Azerbaijan and Kazakhstan have plenty of experience with international aid, but they have traditionally been on the receiving end. Now, buoyed by the riches from their thriving oil industries, the two are emerging as donors themselves.
The fledgling donors have created formal institutions to channel their efforts. Baku opened the Azerbaijan International Development Agency, or AIDA, under the Foreign Ministry in 2011 and last month formally became a participant in the OECD’s Development Assistance Committee, a step that shows how keen the country is to enhance its international credibility. Nur-Sultan has highlighted official development assistance, or ODA, as a foreign policy objective since at least 2014. Its effort is known as KazAID and it is also coordinating with the OECD.

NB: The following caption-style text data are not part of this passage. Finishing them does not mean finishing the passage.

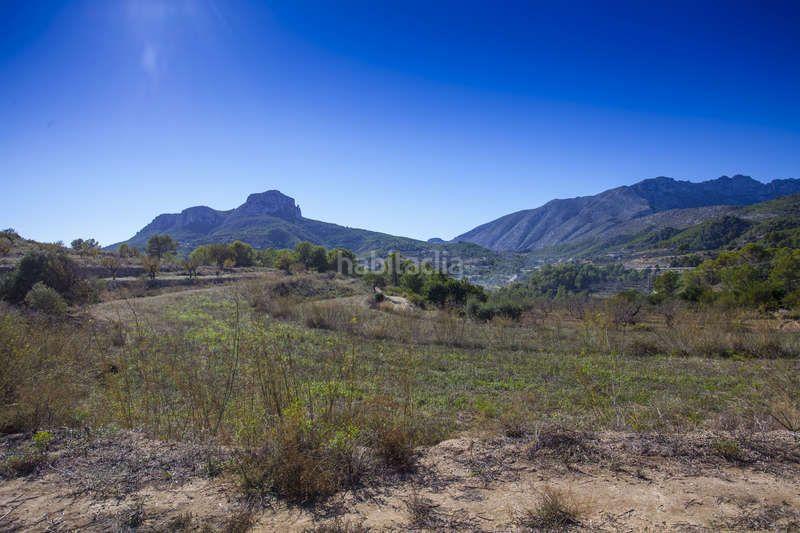 Foto 956e5aaa-1474-4b3b-8850-a84489af3544. Rural plot in Benissa pueblo Benissa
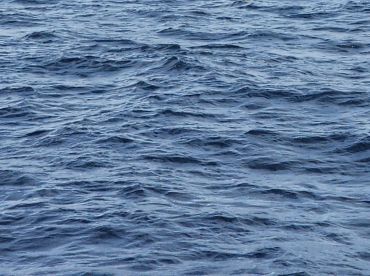 Need a nap, book this charter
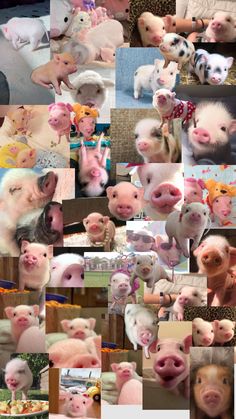 many different pictures of pigs and other animals in the same photo, including one pig's head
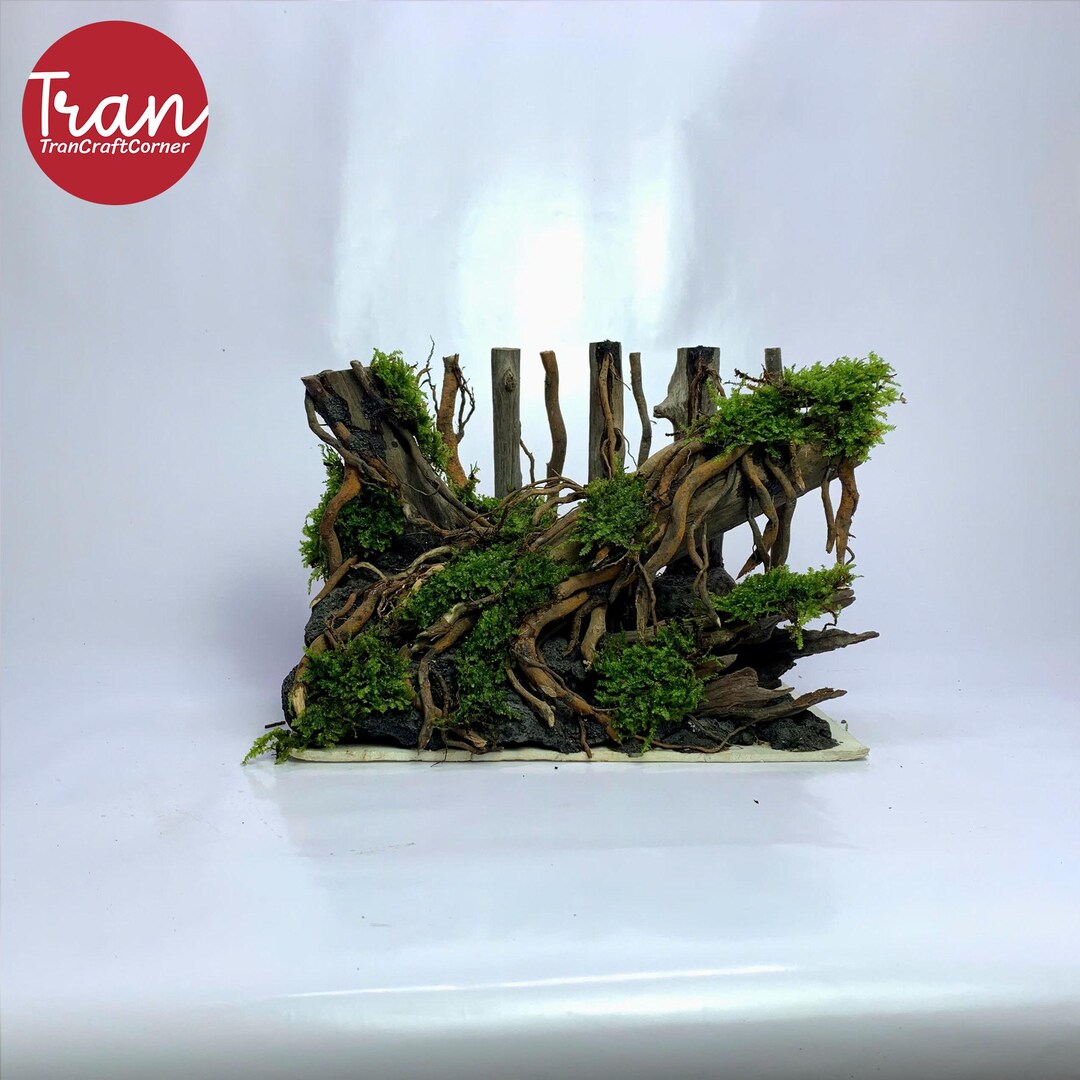 Aquarium Ideas, Aquarium Plants, Aquarium Decorations, Natural Stone ...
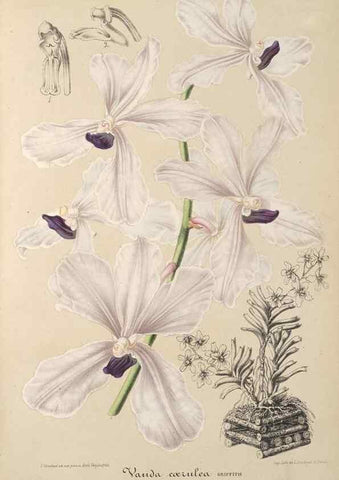 Reproducción/Reproduction 49687466562: L'Illustration horticole :. Gand, Belgium :Imprimerie et lithographie de F. et E. Gyselnyck,1854-1896.. 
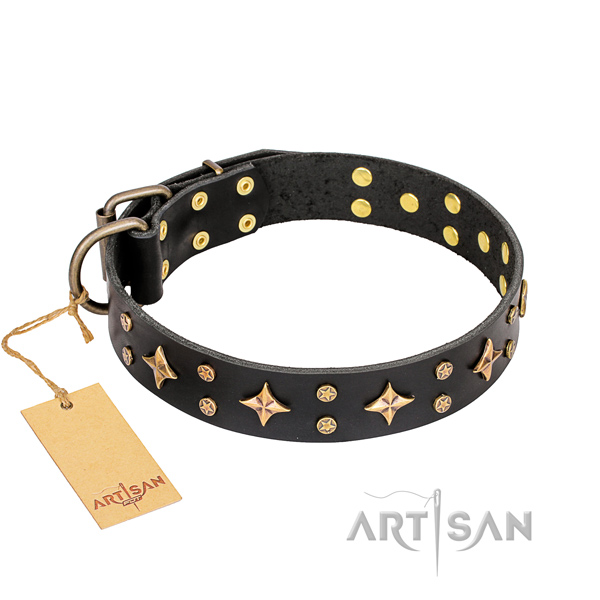 Stylish walking dog collar of strong full grain genuine leather with embellishments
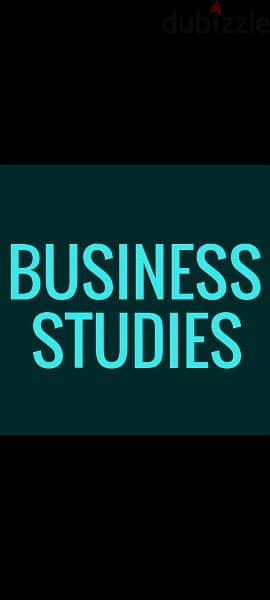 Business Studies 4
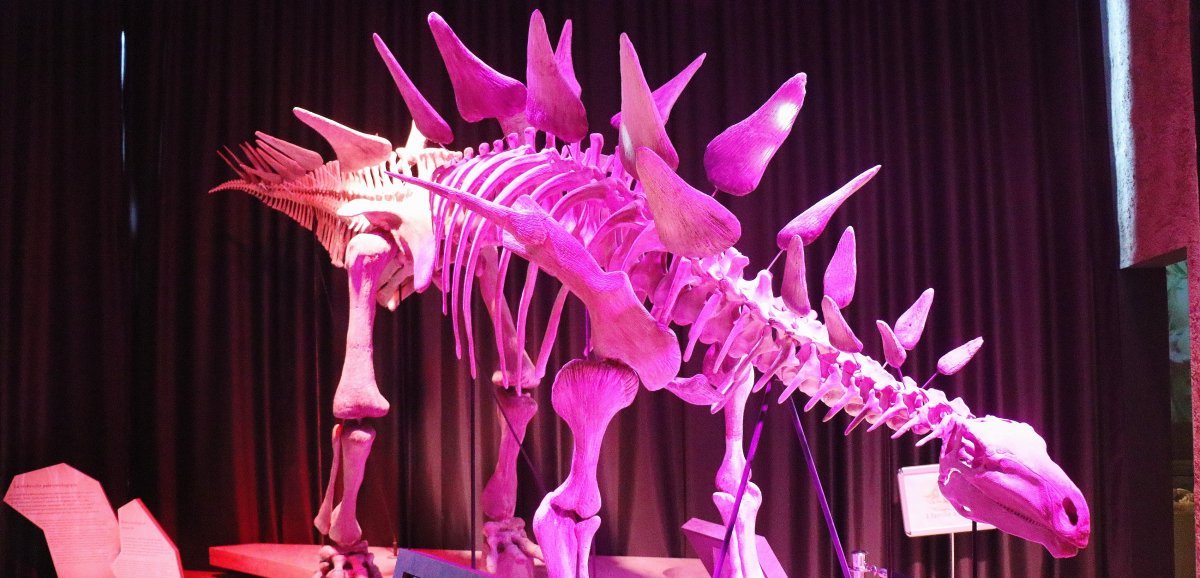 Musée. Retour au temps des dinosaures au Paléospace de Villers-sur-Mer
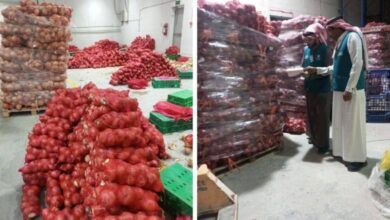 ضبط 8 أطنان بصل مخزنة في مستودع |صحيفة أشجان الإلكترونية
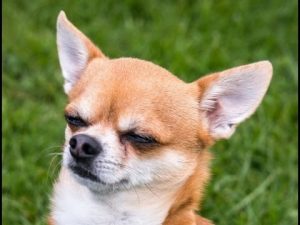 METHODE POUR FAIRE ASSOIR SON CHIEN CHIHUAHUA SANS VIOLENCE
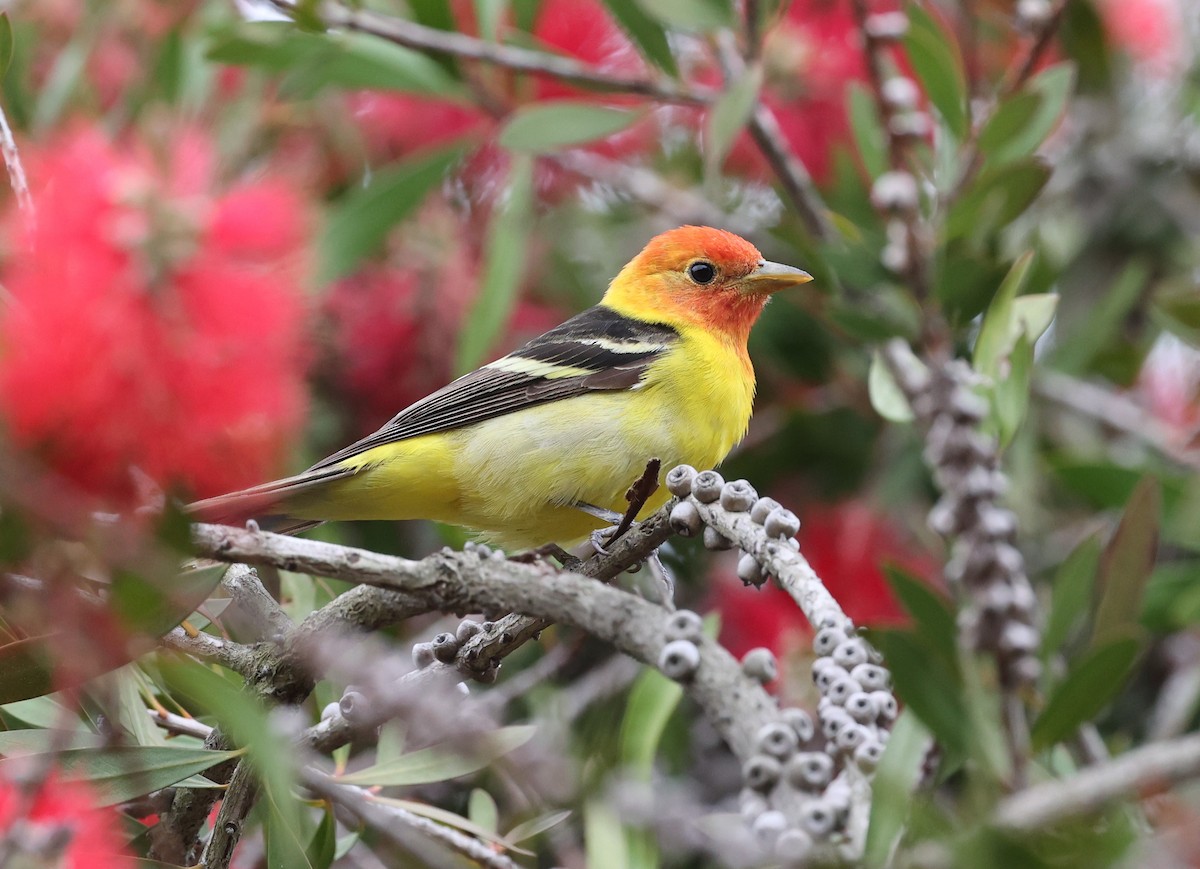 Western Tanager - ML618388380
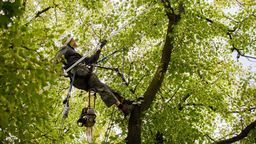 Drzewnych chirurgów przy pracy można było zobaczyć przy pracy na ul. Bieszczadzkiej, Kasprowicza, Trześniowskiej, Sławinkowskiej, Arnsztajnowej 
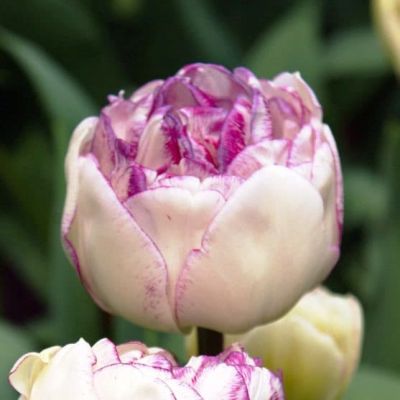 Тюльпан Нормандия фото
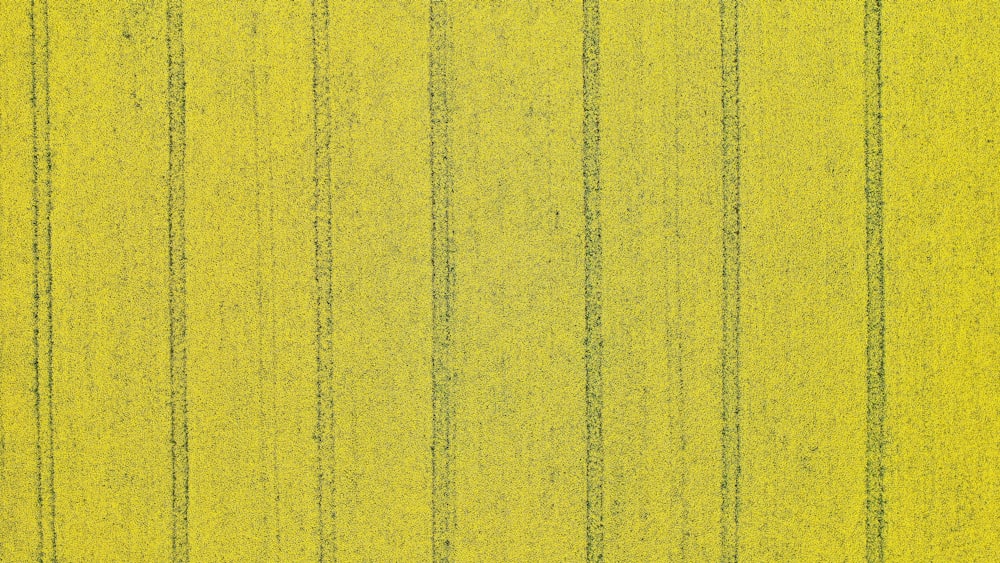 yellow and black striped textile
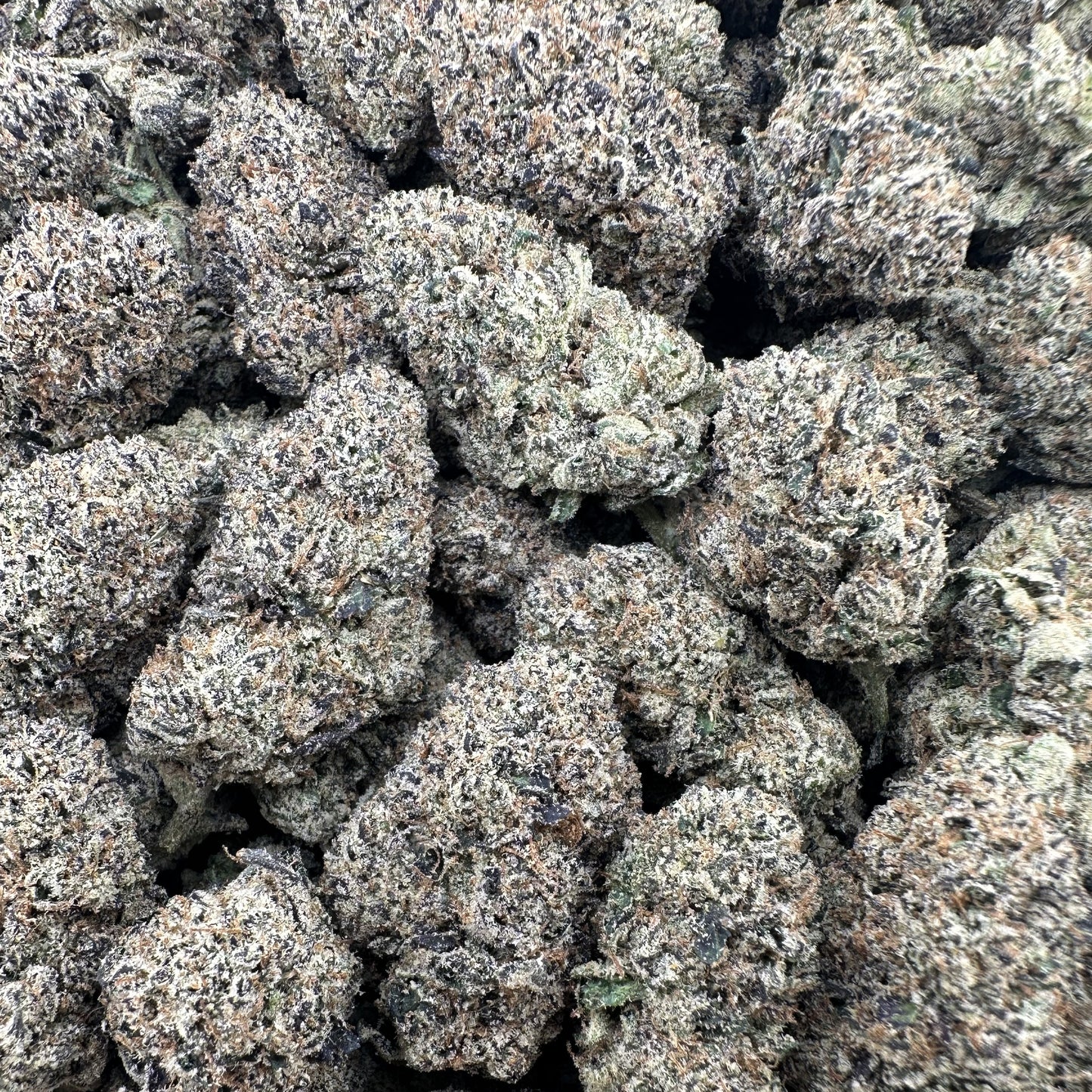 THC-A Flower Runtz Indica (Indoor)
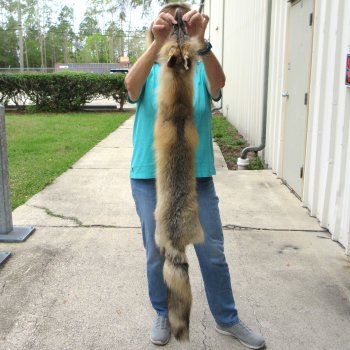 54" Cross Fox Pelt, Tanned Hide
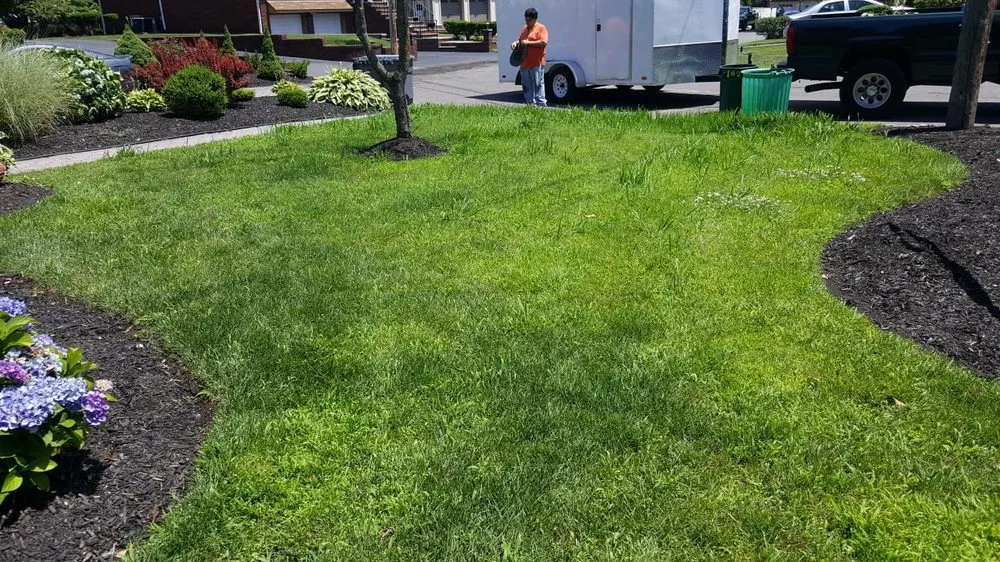 Affordable landscaping services in Clifton, NJ by AM Molina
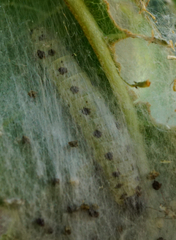 Yponomeuta mahalebella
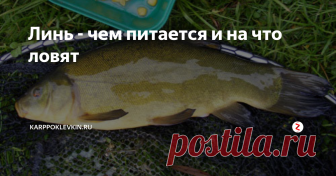 Линь - чем питается и на что ловят Линь на вид не уклюжая малоподвижная рыба с толстым телом и с округлыми коричнево-серыми плавниками. Цветом линь, по бокам зеленоватый, спина темно-зеленая, брюхо желтоватое, мелкая чешуя с налетом слизи, по краям рта усы. Почему назвали линь, все за способность менять окраску, происходит это после того когда рыбу вытаскиваешь из воды, слизь которой покрыта рыба на воздухе быстро твердеет. Водится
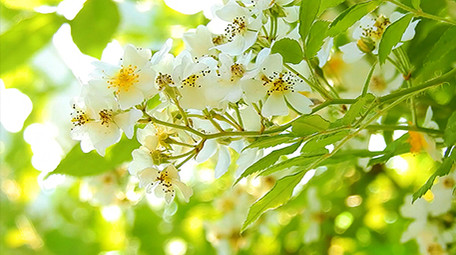 自然唯美夏日阳光洒落树叶实拍素材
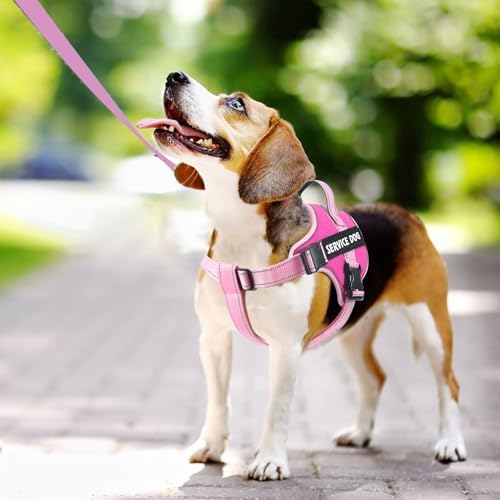 voopet Emotional Support Dog Harness, Professional Service Dog Vest Harness - Image 4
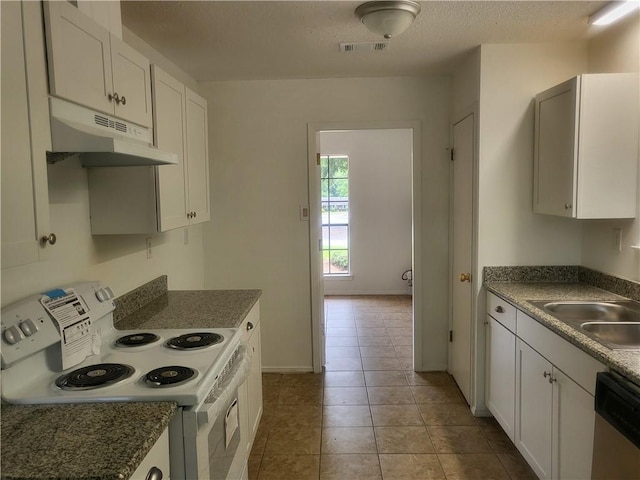 6290 Quail Ct, Theodore, AL 36582 - kitchen featuring electric range, under cabinet range hood, dishwasher, a sink, and white cabinets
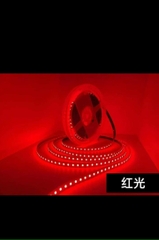 Led dây dán 2835 120b/m cuộn 5m ánh sáng đỏ.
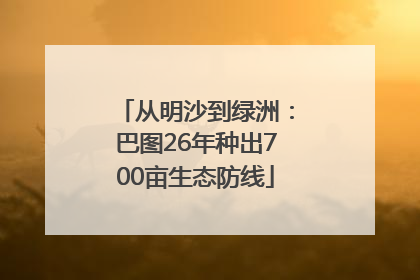 从明沙到绿洲：巴图26年种出700亩生态防线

Both are also still receiving aid. The most recent World Bank data available show that Azerbaijan received net official development assistance of $115 million in 2017 (the most recent year for which data is available), down from $350 million in 2002. Kazakhstan received $59 million in 2017, down from a high of $338 million in 2008.
AIDA says Azerbaijan spent about $50 million in foreign aid between 2005 and 2018, excluding concessional loans, spreading its wealth in some 89 countries. Just under half of that, some $21 million, has gone to multilateral organisations like UNICEF and the Islamic Development Bank. Asian countries received some $9 million over that period. Eastern Europe is the third-largest destination of Azerbaijani aid and the post-Soviet region fourth, receiving about $3.5 million. A significant share of Azerbaijan’s bilateral aid has gone toward disaster relief and humanitarian efforts. Kazakhstan does not publish aggregate data.
OECD data corroborate Azerbaijan’s nascent but burgeoning donor credentials: Azerbaijani ODA totalled almost $19 million in 2017, which represents about 0.05 percent of its gross national income.
OECD data show that Kazakhstan provided $35 million of ODA that year, about 0.02 percent of its GNI (less than the $43.5 million it provided in 2015). The 2014 oil-price slump likely explains the scaling back. With oil prices having now recovered, it seems likely that Nur-Sultan will again scale up.
Sam Bhutia is an economist specializing in the former Soviet Union.